The threat of flooding has forced about 2,500 people to flee two remote northern Ontario aboriginal communities.
Residents of Attawapiskat and Kashechewan are seeking refuge in nine communities in Ontario and Quebec after leaders on the reserves declared emergencies.
The provincial government has co-ordinated the evacuations and airlifts through Emergency Management Ontario and the Office of the Fire Marshal. The federal government and several municipalities are also assisting, including Thunder Bay, Cornwall, Kirkland Lake and Val d’Or in Quebec. Attawapiskat and Kashechewan are located on the western shores of James Bay and are prone to flooding in the spring. The breakup of ice on the Albany River often causes ice jams to form, pushing water over the banks. In November, 2006, a report commissioned by the federal government recommended relocating Kashechewan. The First Nation rejected the recommendation, deciding to remain in its traditional territories and focus on improving flood-control measures.

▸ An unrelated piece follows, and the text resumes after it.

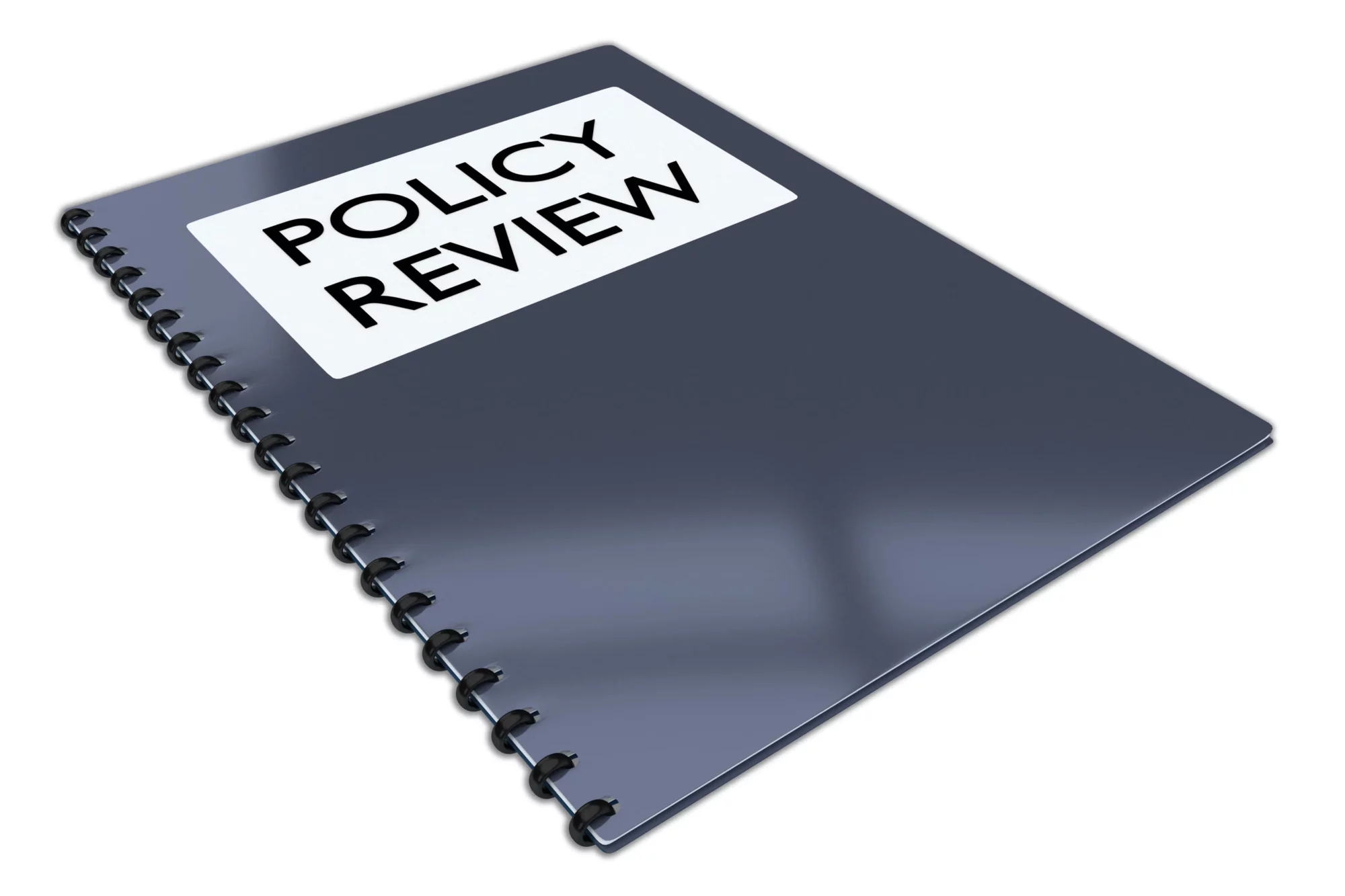 policy review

NDP MP Charlie Angus, who represents the Timmins-James Bay riding, told CTV News on the weekend that it might be time to consider relocating Attawapiskat to a less vulnerable location.
“There’s certainly a need for a longer, more involved conversation with the federal government and the province and the community,” Mr. Angus said. “We need to do something here to ensure the safety of people in the long term.”
Attawapiskat Chief Theresa Spence could not be reached for comment Sunday evening.
Attawapiskat and the federal government have had tense relations over the past few years.
A housing crisis triggered a local state of emergency in 2011. In December, 2012, Ms. Spence travelled to Ottawa and staged a six-week hunger strike to protest living conditions on reserves and treaty issues. Her protest helped fuel the nationwide Idle No More movement.
The federal government has accused Attawapiskat of mismanaging finances. An audit of the band’s books, commissioned by Ottawa, found a lack of documentation and tracking for millions of dollars in payments between 2005 and 2011.